Mittlerweile sind aber die Boxkampfmetaphern wieder auf dem Vormarsch. Weil sich Nachrichten vom Gewinnen und Verlieren halt besser verkaufen als jene vom Abwägen und Diskutieren. Das mag auch mit der sich ihrer Vollendung zustrebenden Digitalisierung zu tun haben, deren alles umfassende Binarität eben nur ja oder nein, schwarz oder weiß, entweder – oder kennt. Die fifty shades of grey sind im Softporno-Schmuddeleck gelandet und unser Potential, Mehr- und Vieldeutigkeit auszuhalten, verkümmert.

Einen erfolgreichen Versuch, Graubereiche zu erkunden, hat die Filmemacherin Ulli Gladik unternommen. Für ihren Dokumentarfilm Inland hat sie drei FPÖ-Wählerinnen vor und nach der 2017er Nationalratswahl begleitet. Sie hört ihnen mit Ausdauer und Hingabe zu, bleibt auf Augenhöhe und biedert sich doch nie an. Wenn nötig, widerspricht sie und sie spricht die Widersprüche an, in die sich die drei immer wieder verwickeln. Das Bild, das entsteht, weist weit über die Leben ihrer Protagonist*innen hinaus. Es erzählt von einer Gesellschaft zu Recht Unzufriedener, denen es eben nicht gelingt, die eigenen Interessen zu benennen. Gladik macht deutlich, wie wichtig es ist, Mehr- und Vieldeutigkeit aller Art als Erkenntnismöglichkeit zu begreifen.
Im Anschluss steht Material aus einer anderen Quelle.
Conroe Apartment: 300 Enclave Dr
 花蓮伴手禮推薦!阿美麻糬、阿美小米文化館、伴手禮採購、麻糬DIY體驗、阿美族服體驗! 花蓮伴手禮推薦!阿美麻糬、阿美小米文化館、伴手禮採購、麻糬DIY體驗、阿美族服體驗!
Ambiguitätstoleranz nennt die Wissenschaft dieses bemerkenswerte Konzept, das davon ausgeht, dass eindeutige Werthaltungen und die Erkenntnis, dass es so gut wie immer verschiedene Wege zum Ziel gibt, kein Widerspruch sind.

Weil es eben manchmal ein Jein braucht, wenn es darum geht, autoritären Tendenzen wirksam entgegen zu treten.